[Records drawn from a dataset]

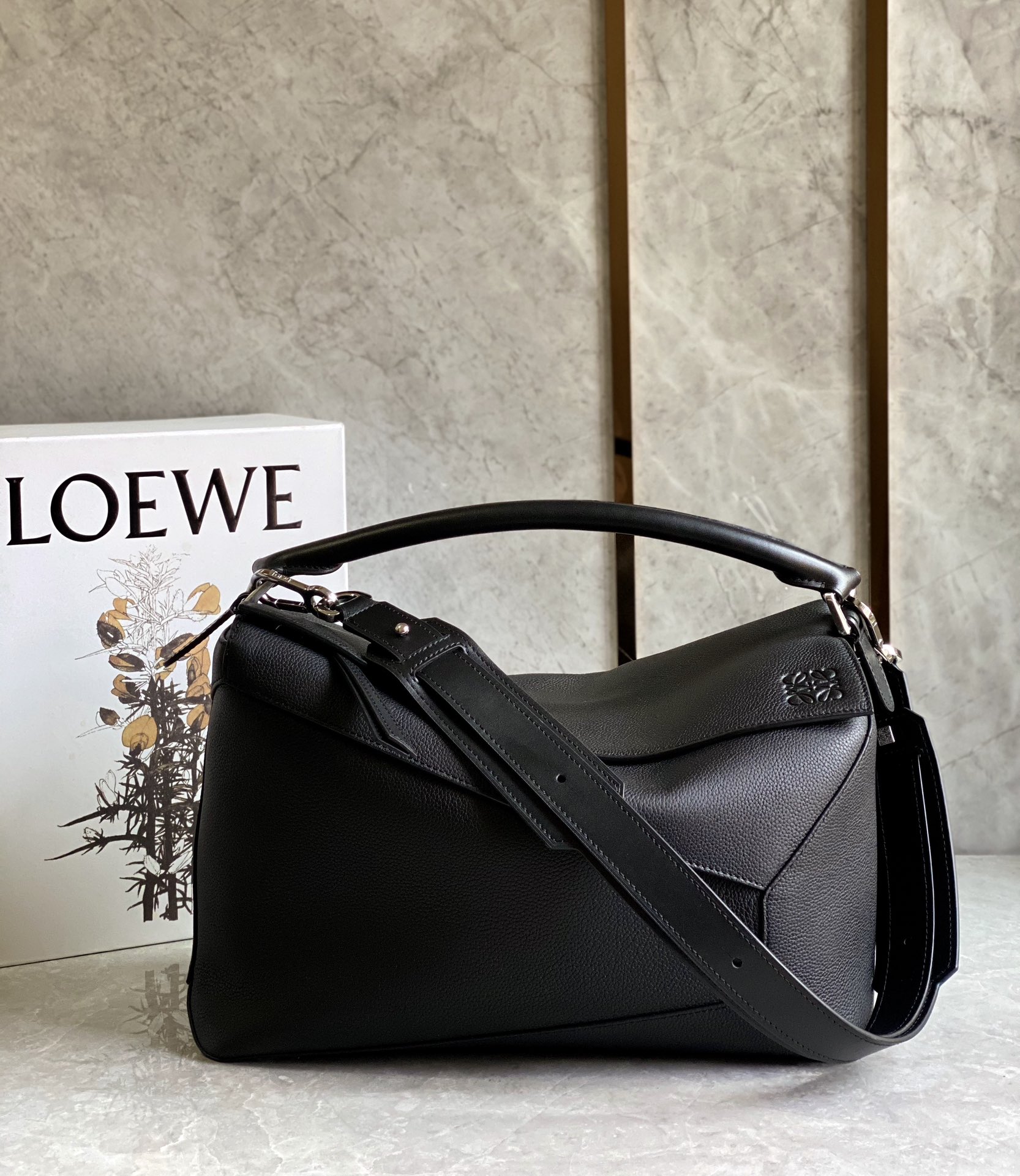 Loewe Large Puzzle bag in supple grained calfskin Black – LOEWE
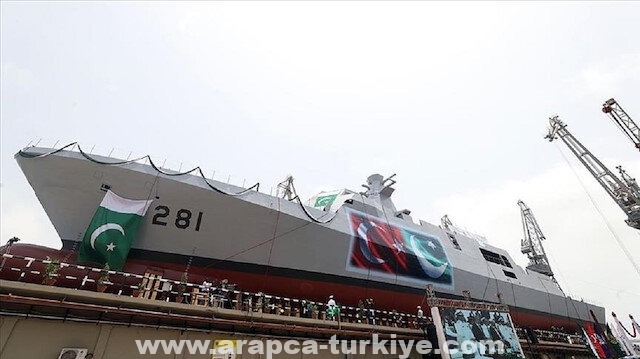 باكستان.. إنزال السفينة "بدر" في البحر بحضور وزير الدفاع التركي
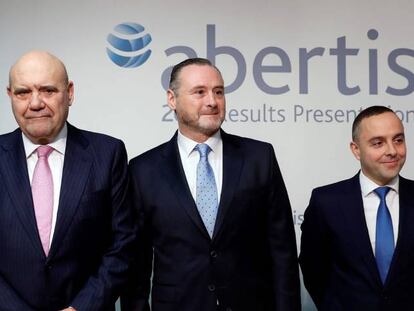 El nuevo director general de Abertis, José Aljaro (c), junto al director de Comunicación, Juan María Hernández Puértolas (i), y el jefe de Relación con Inversores, Steven Fernández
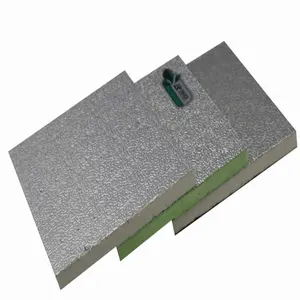 140 kPa 경 사진 단일 지붕 패널 유리 강화 된 면에 각면에 결합 된 닫힌 셀 폴리이소 폼 코어로 구성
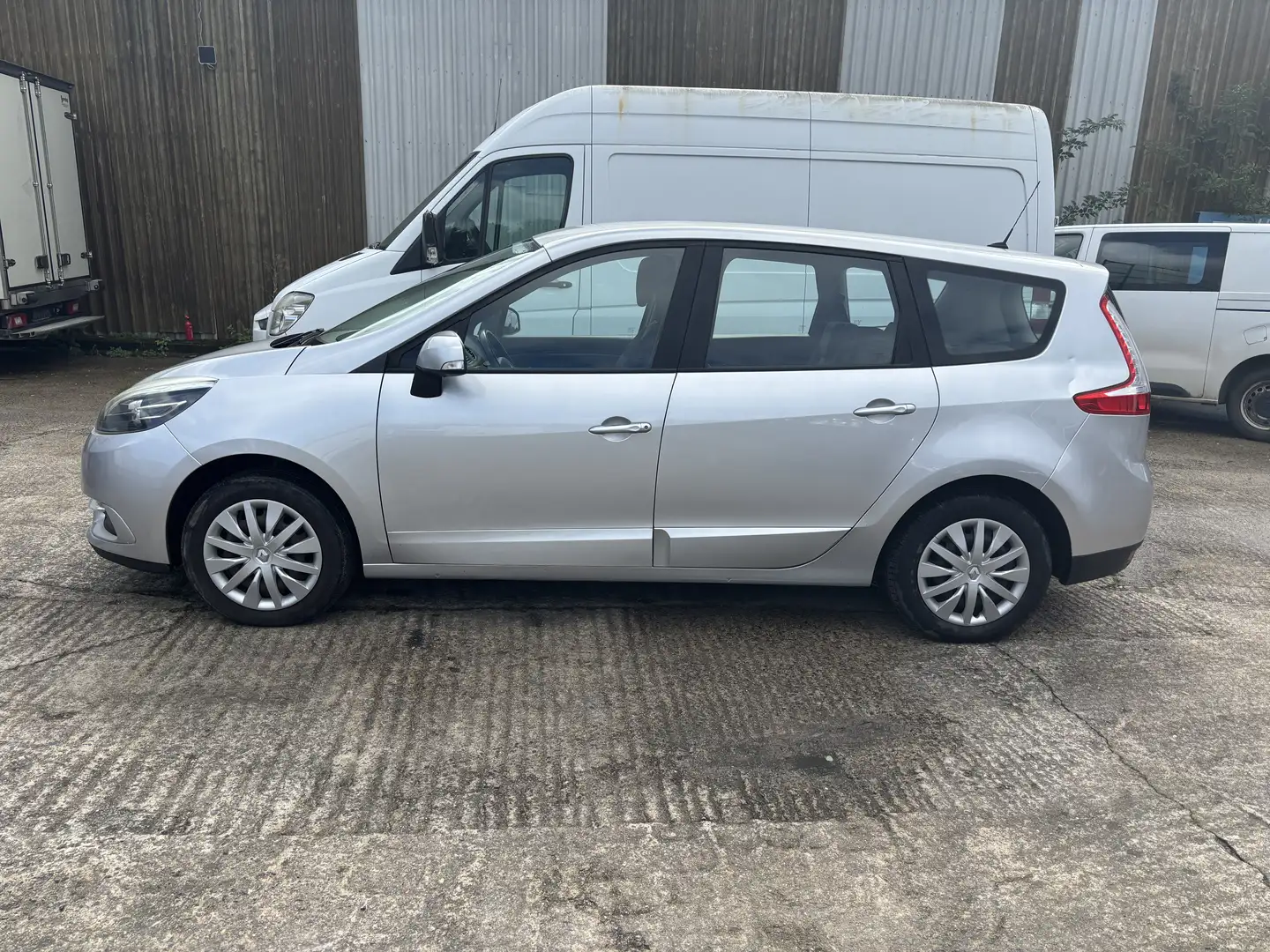 Renault Grand Scenic 1.2i Energy TCe 115 S&S Dynamique Plateado - 2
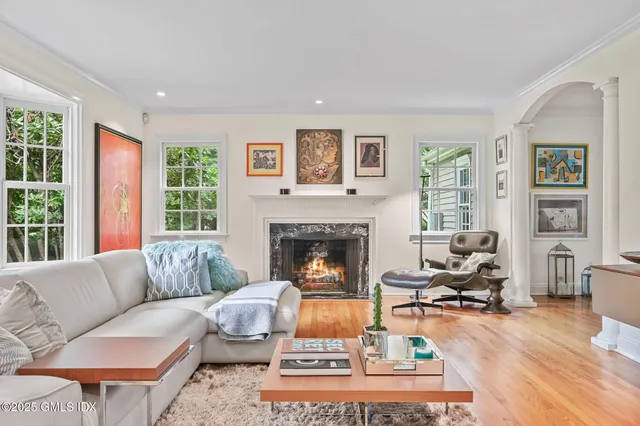 $4,500,000 | 12 Wooddale Road, Greenwich, CT 06830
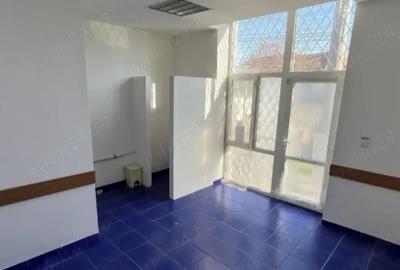 Spațiu comercial, de 25 mp, în Central - 1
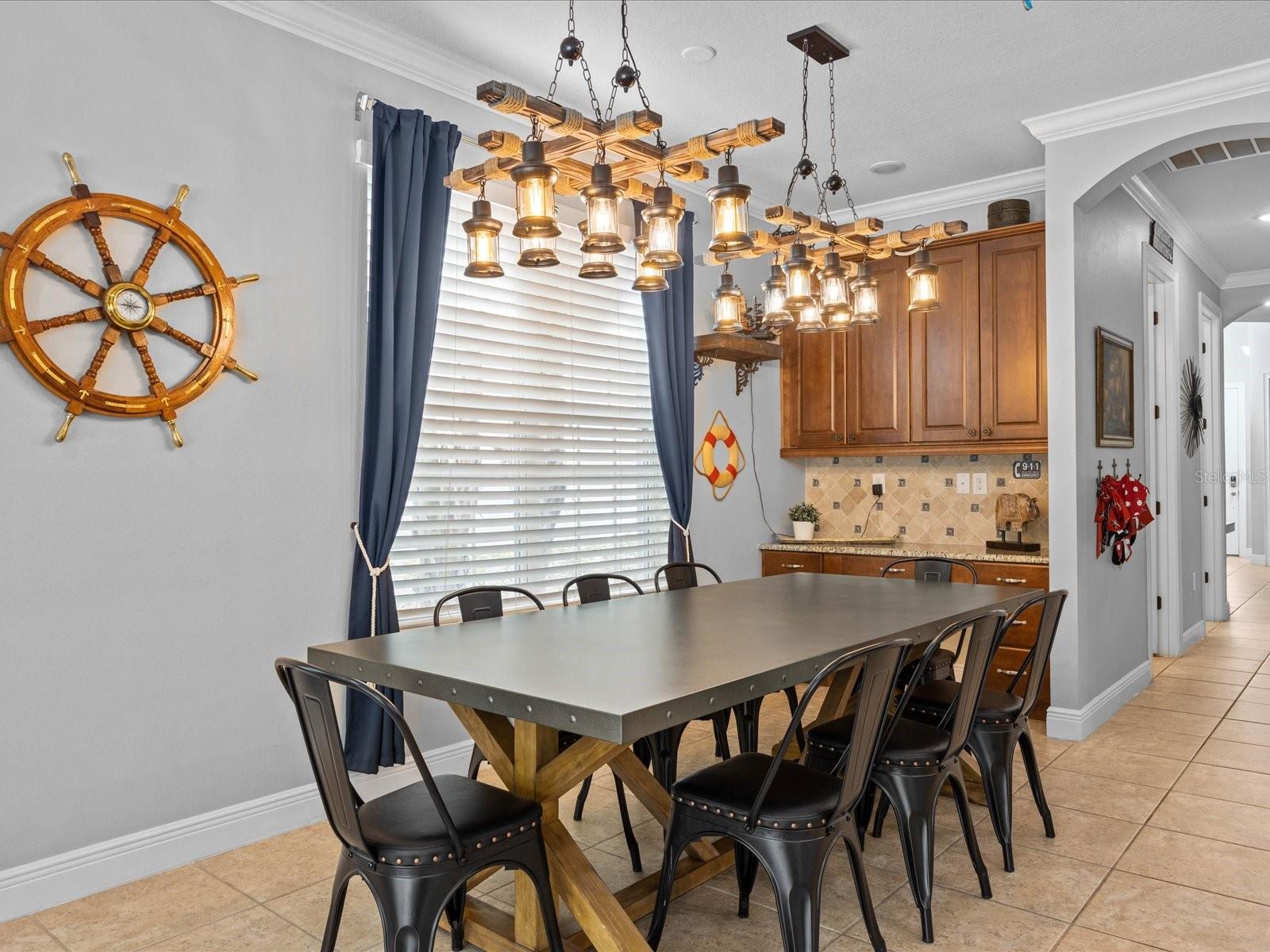 Image 11 of 70 For 761 Desert Mountain Court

■ **WHAT YOU HAVE TO DO**: Nothing but the pictures may be dropped; output the records above exactly.

■ **ANSWER BOX**:
 Loewe Large Puzzle bag in supple grained calfskin Black – LOEWE
 باكستان.. إنزال السفينة "بدر" في البحر بحضور وزير الدفاع التركي
 El nuevo director general de Abertis, José Aljaro (c), junto al director de Comunicación, Juan María Hernández Puértolas (i), y el jefe de Relación con Inversores, Steven Fernández
 140 kPa 경 사진 단일 지붕 패널 유리 강화 된 면에 각면에 결합 된 닫힌 셀 폴리이소 폼 코어로 구성
 Renault Grand Scenic 1.2i Energy TCe 115 S&S Dynamique Plateado - 2
 $4,500,000 | 12 Wooddale Road, Greenwich, CT 06830
 Spațiu comercial, de 25 mp, în Central - 1
 Image 11 of 70 For 761 Desert Mountain Court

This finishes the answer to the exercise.